WHAT THE TASK ASKS: Copy each entry below unchanged; the images do not go in the copy.

**** DATA LISTING ****

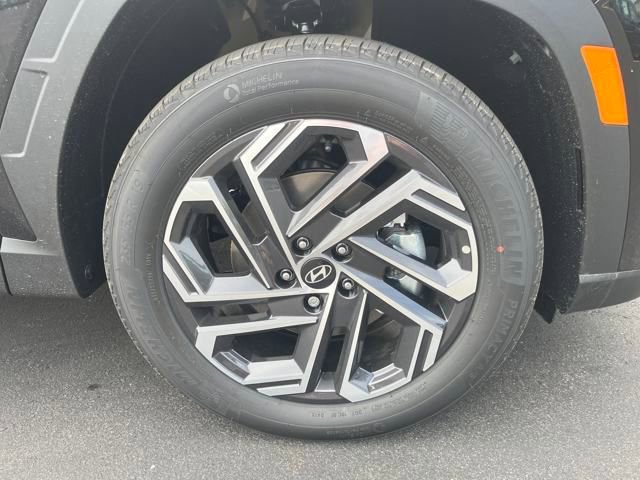 New 2025 Hyundai Tucson Limited image 11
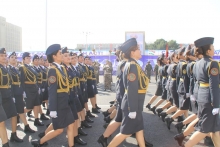 Во всех городах и райцентрах Таджикистана состоялись военные парады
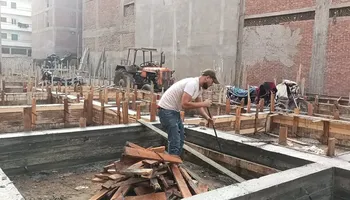 جانب من إنشاء السوق الحضري 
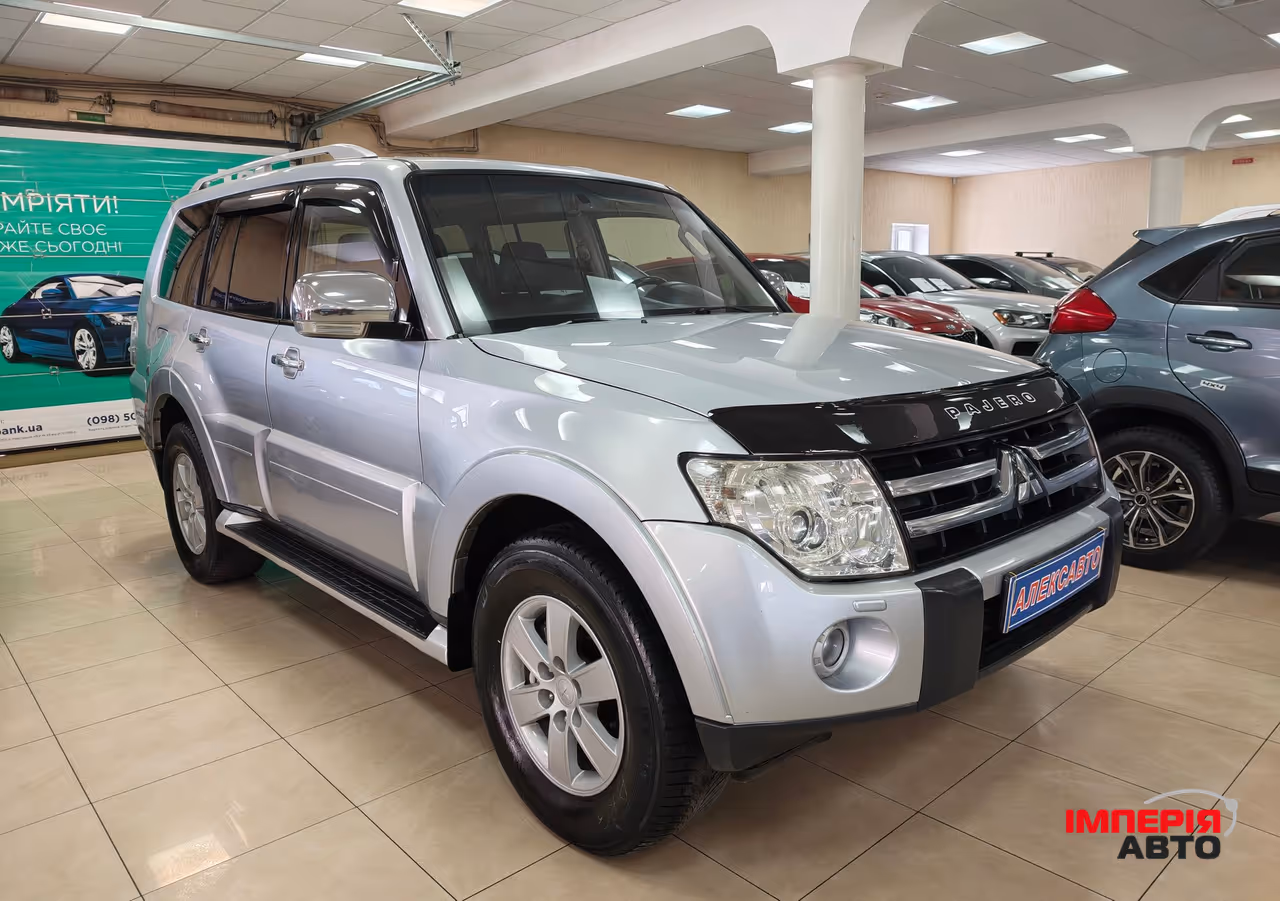Mitsubishi Pajero - фото 4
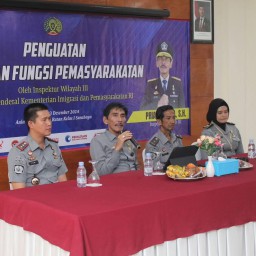 Inspektur Wilayah III Kemenimipas Sampaikan Penguatan Tugas dan Fungsi di Rutan Surabaya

****

EXERCISE ANSWER:
 New 2025 Hyundai Tucson Limited image 11
 Во всех городах и райцентрах Таджикистана состоялись военные парады
 جانب من إنشاء السوق الحضري 
Mitsubishi Pajero - фото 4
 Inspektur Wilayah III Kemenimipas Sampaikan Penguatan Tugas dan Fungsi di Rutan Surabaya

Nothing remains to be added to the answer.